Interesting readers, as well as writers
Book focuses on leading authors and the books they love
From a window of her office in the Barker Center, English Professor Leah Price can see the apartment of Pulitzer Prize-winning novelist Junot Díaz.
She knows that apartment well. His kitchen, for instance, is no ordinary one. His book collection extends into the room dedicated for cooking, and beside the refrigerator there’s a bookshelf stocked with J.R.R. Tolkien, a biography of Che Guevara, and “The Third God” by Ricardo Pinto.
This glimpse into Díaz’s library and home is documented in Price’s new book of interviews and photographs, “Unpacking My Library: Writers and Their Books.” In it, Price details the reading routines and kaleidoscopic bookshelves of leading authors such as Alison Bechdel, Stephen Carter, Rebecca Goldstein, Steven Pinker, Claire Messud, Jonathan Lethem, and others.
“As a literary critic, I’ve thought a lot about authors reading, and the relationship between reading and writing. I wanted to interview people whose work I liked a lot and people who I thought would be not just interesting writers, but interesting readers,” Price said.
“It’s great to be able to go to someone’s apartment, look at their bookshelf, and say, ‘Hey, you have a copy of this; it looks like you’ve cracked the spine with repeated re-readings; what do you love about this book? How do you arrange your books? What do you do with the books you don’t want anymore? Do you sell books you don’t want? Do you give them away? Do you write in books?’”

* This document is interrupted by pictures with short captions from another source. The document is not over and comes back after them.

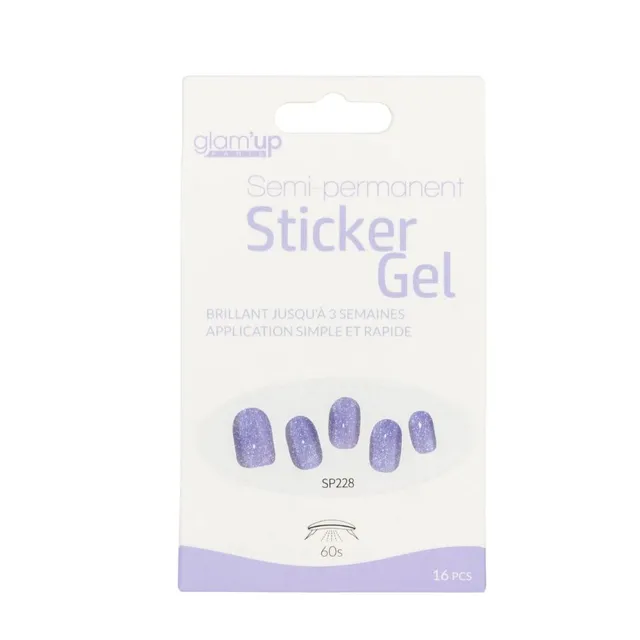 GLAM'UP Les Ongles Sticker Gel Paillettes Violet Clair 16 pcs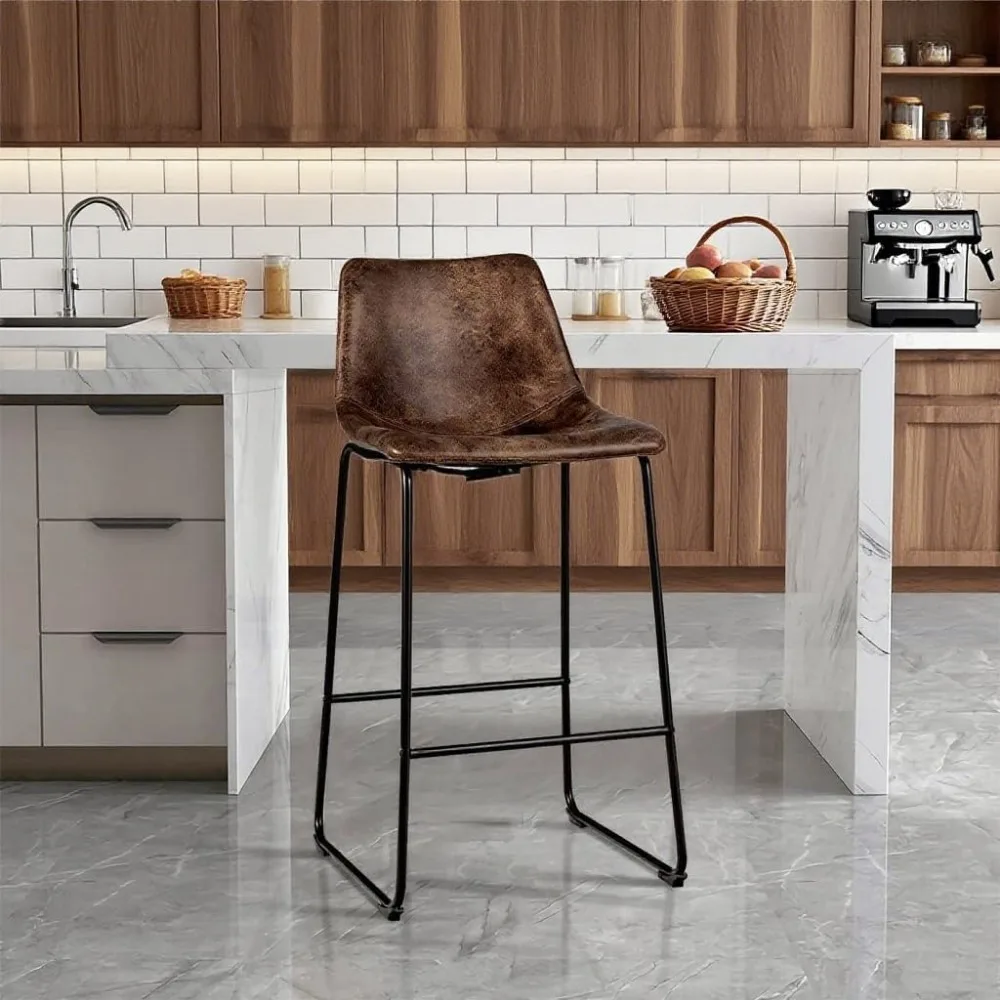 30インチのハイバックレザーバースツール2脚セット、キッチンアイランド、パブチェア用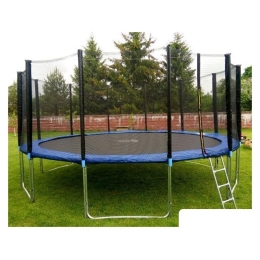 Батут Atlas Sport 490 см - 16ft Pro (с лестницей, внешняя сетка, синий) 364081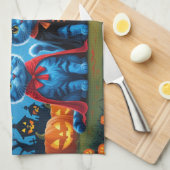 Oriental Blue Cats Pumpkin Halloween Funny Geschirrtuch (Viertel Falte)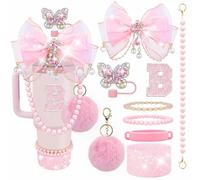 Letter Stickers Bling Accessories Set for Stanley 40/30/20 oz Tumbler: Bow Straw Topper, Charms, Butterfly Cap, Pearl Strap, Silicone Boot, Accessories for Stanley Quencher H2.0 (B, Pink Peony)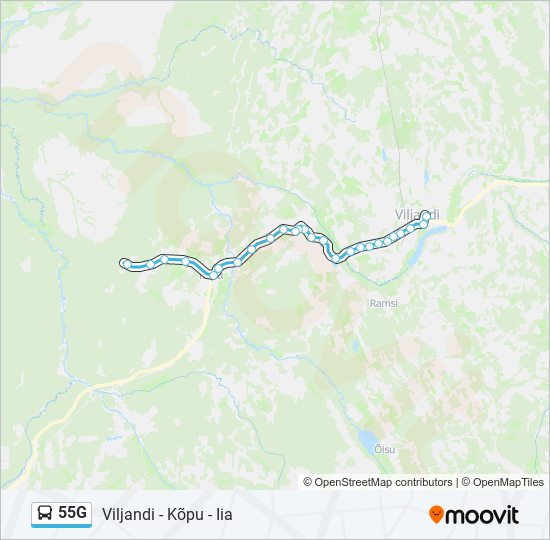 Автобус 55G: карта маршрута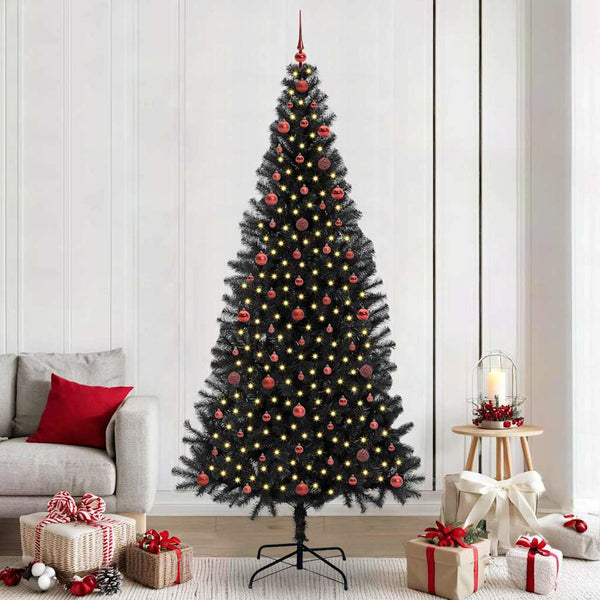 Kerstboom Met 300 Led Met Standaard Pvc Zwart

The results are revealing. “Asking people about their books is a good way of getting them to open up because it’s more oblique than asking them about themselves, and yet so much of the self comes out in which books you own,” she said.
While talking books, Díaz admitted that he has read aloud to others, but he “never had anyone read to me, really.”
“My father and I aren’t especially close,” divulged writer Lev Grossman. “He’s in the late stages of Alzheimer’s and can’t read anymore. When my parents moved out of the house where I grew up, my mother sold off his library — it was like they were breaking up his brain, the same way the Alzheimer’s was doing. I couldn’t take the whole thing, but I rescued a few volumes.”
And who knew that Harvard’s own Steven Pinker appeared in an infomercial for the shelving system he uses? “I believe in the product, so I did a hammy sales pitch, which ended up on a new website that I was only dimly aware of at the time: YouTube.”
“One of the things that also came out in these interviews is that books can both bring people together and drive them apart,” said Price. “I interviewed three couples, and they all talked in different ways about whether and how they interfile their books, what you do when you move in with someone, if you get rid of your duplicates, and, if you are, whose copy do you put out on the curb?”
Price asked each writer for his or her top 10 books — an unnerving task for anyone. “With the couples, it was interesting to see whether or not they’d put their partner’s book on their list.”
Pinker’s wife, novelist and philosopher Rebecca Goldstein, did include his hallmark tome “How The Mind Works,” but also selected “The Collected Dialogues” by Plato, “The Complete Notebooks of Henry James,” and “Middlemarch” by George Eliot, “the book that came up most often out of all the authors,” said Price.
“For me, editing this book was a treat, because I’m used to working on dead writers,” said Price, whose primary field is the 18th- and 19th-century British novel, although she does enjoy a good detective read.
“One of the great luxuries of a book is that it hides you from the outside the world,” she said. “If you think about the phrase ‘someone who has their nose in a book,’ there’s a way in which you’re enclosed inside the fold of the pages. The book is protecting you.”